Being pre-med is hard. All of us pre-med students know that well. Sure, organic chemistry and physics suck, but actually applying to medical school means so much more than that. As a group, many of us feel a desire to go abroad and engage with communities that are pertinent to our medical interests. Plus, medical schools stress the importance being hands-on outside of the classroom. So, naturally, many of us seek out international programs that explore the world of medicine. Do we have good intentions? Yes. Are we eager to help? Of course. Are we actually helpful? Quite frankly, not always.
Despite our intentions, pre-med students often fail to be beneficial in the countries and programs they work for when abroad. As member of this pre-med community, I feel an urge to help people who are in need. Yet, what one might not realize that the work they do in other countries can actually negatively affect them and the people they “help.” How can this happen?
Centered around participation in procedures for which students are unqualified, detrimental volunteerism attracts large chunks of undergraduate students, especially pre-medical students. When students are presented with unique medical opportunities, such as delivering a baby or suturing a wound, they proceed with enthusiasm since they think both parties are benefiting. Such a mindset, however, is dangerous.
Detrimental volunteerism is harmful because it involves providing aid that cannot be sustained. Most of the communities in which students perform volunteer work are of lower socioeconomic status and lack proper infrastructure. These underlying issues are what prompt students and universities to help. Yet, especially in the field of medicine, providing aid for a short period of time only helps for that time period. Soon after, the clinics that students assisted fail to sustain the progress set into motion. These clinics experience a brief moment of efficiency to only decline back to their normal routines, .

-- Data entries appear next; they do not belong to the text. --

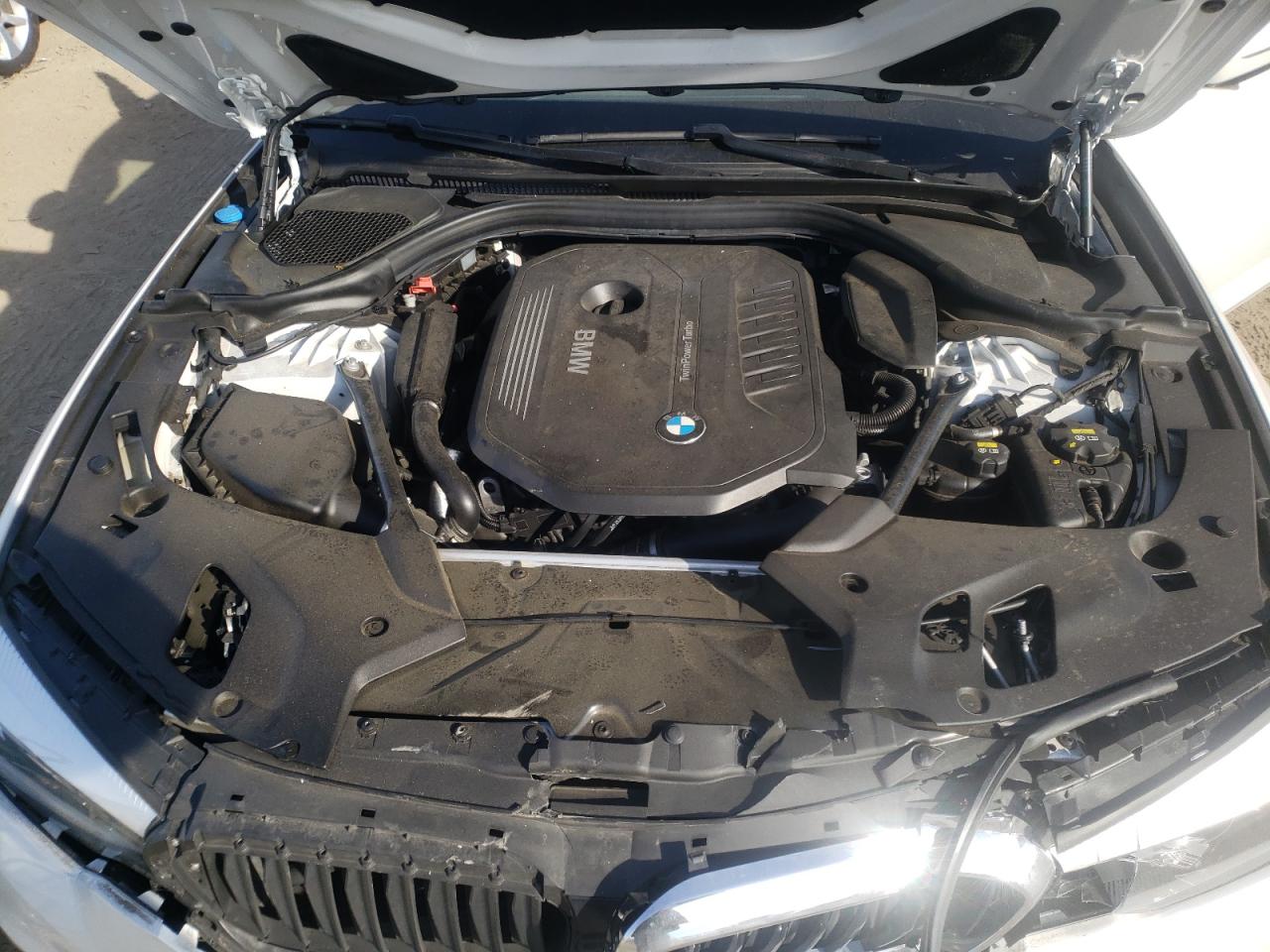 Photo 7 from auction – 2018 BMW 540 XI with VIN WBAJE7C50JG891094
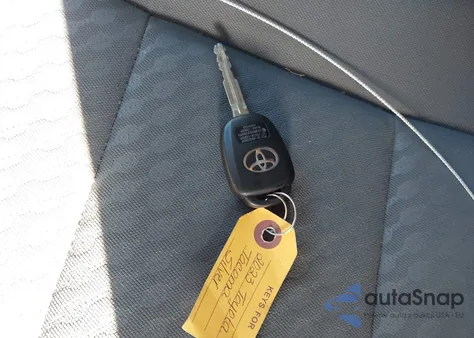 2023 Toyota Tacoma Sr5 from USA, damaged, VIN 3TYSX5EN7PT019422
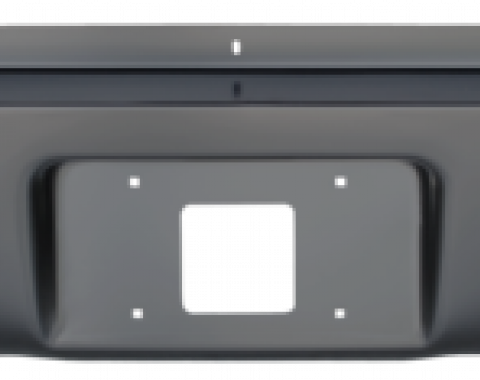Key Parts '07-'11 Rear Roll Pan RP25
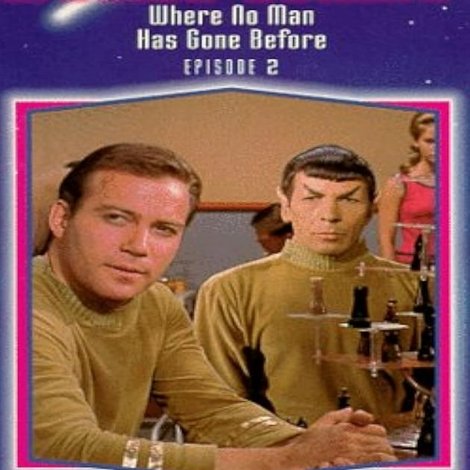 Star Trek: Where No Man Has Gone Before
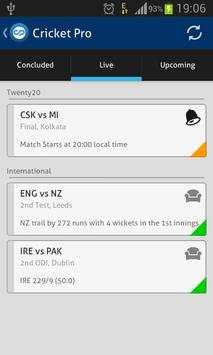 Cricket Pro screenshot 8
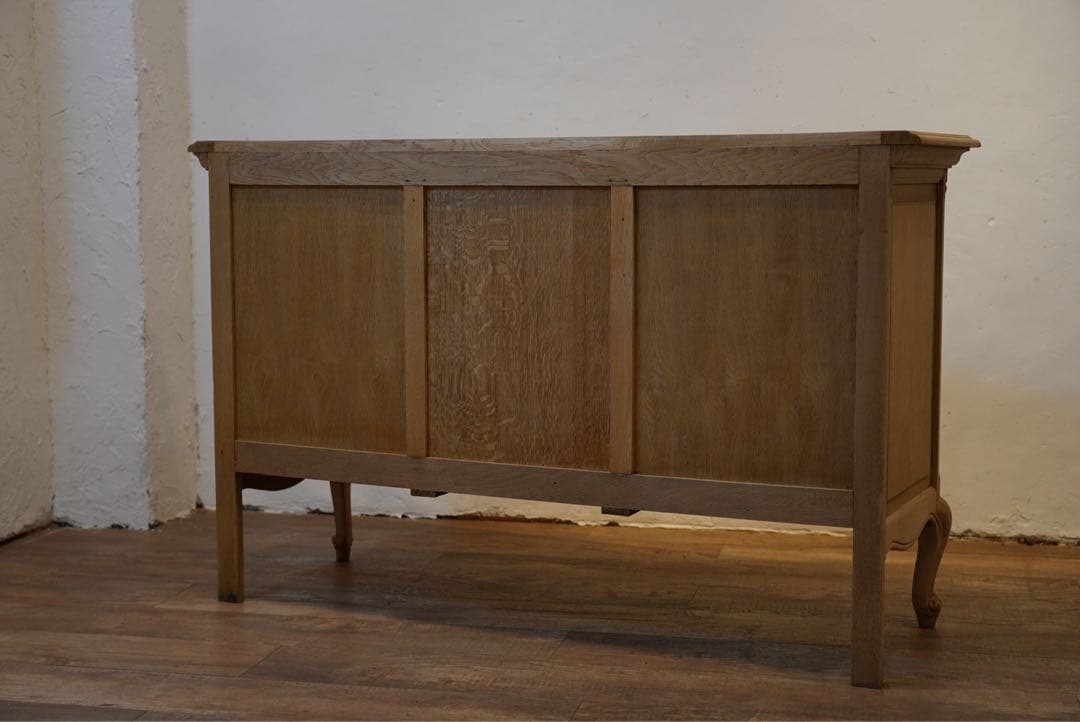 フランス　アンティーク　キャビネット　1900年頃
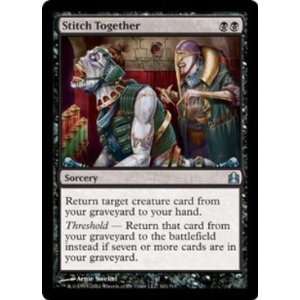  Magic the Gathering   Stitch Together   Commander Toys 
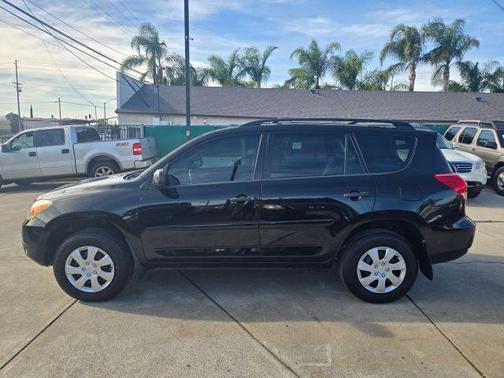 2008 Toyota RAV4 Sport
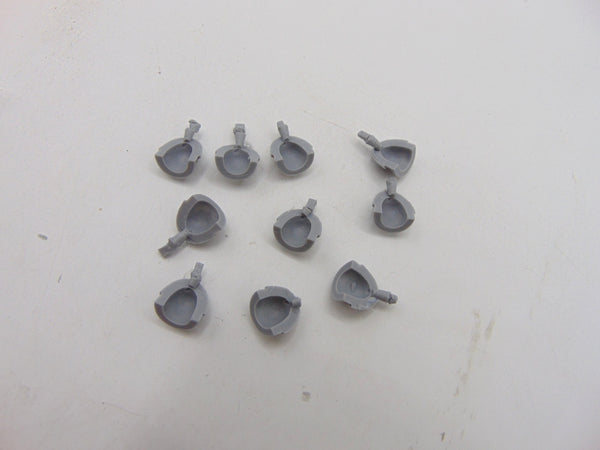 MKII Shoulder Pads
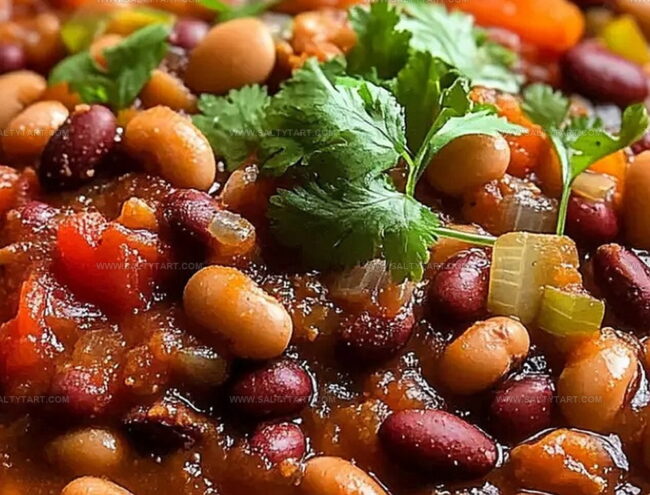 Notes for Pinto Bean Chili Perfection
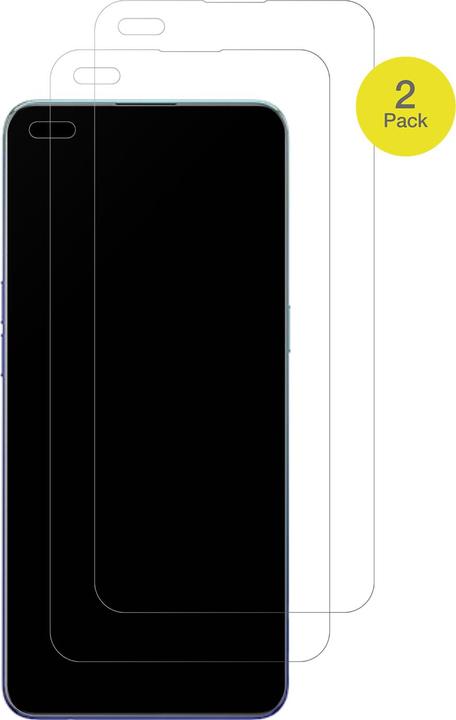 Image du produit Dipos Film de Protection d’écran Full-Cover Anti-reflet (1 pcs, Oppo Reno 3 Pro)
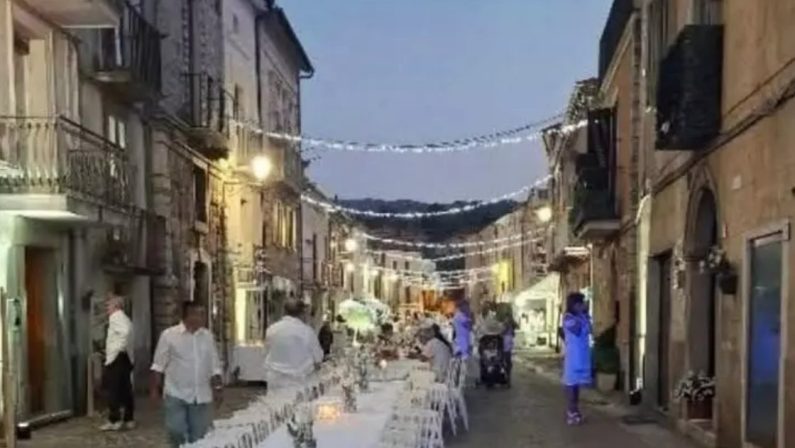 Buonabitacolo si tinge di bianco con il White Event: spettacoli, musica e cena urbana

In addition, detrimental volunteerism reflects negatively on the students. By going into a community unqualified and performing unrefined medical procedures, students violate the standards of bioethics. Anyone who is not properly trained and certified in a particular field should not be operating in that field because they run the risk of potentially hurting other people. Professionals have been in the career long enough to know how to properly apply their knowledge and skills to offer help safely. Amateurs, like undergraduate students, have not been in their career path long enough to have this knowledge and skill, and therefore run the risk of being more harmful than helpful.
The issue of detrimental volunteerism directly violates the Duke Community Standard that we, as a university, created. Pre-medical students working abroad may not be lying or cheating per say, but they sometimes fail to conduct themselves honorably in such endeavors. A direct violation of the Community Standard is something to be further examined. It is important to start asking ourselves: how do we conduct ourselves honorably when representing Duke in other communities?
The issue at hand is that undergraduate students have no business performing medical procedures without a medical degree. Students are fooled by the illusion that they are helping out and that they are taking advantage of unique opportunities. Such an illusion is easily explainable, and perhaps mildly understandable. Pre-medical students feel an enormous amount of pressure to excel in all aspects of their undergraduate career. In addition, these students want to stand out to medical schools by displaying unparalleled stories of active participation in the healing process. I know as a fellow pre-med student that I feel this exact same pressure. Not only do feel the need to actually get a decent grade in organic chemistry, but I also want to be active in the medical community outside Duke’s doors.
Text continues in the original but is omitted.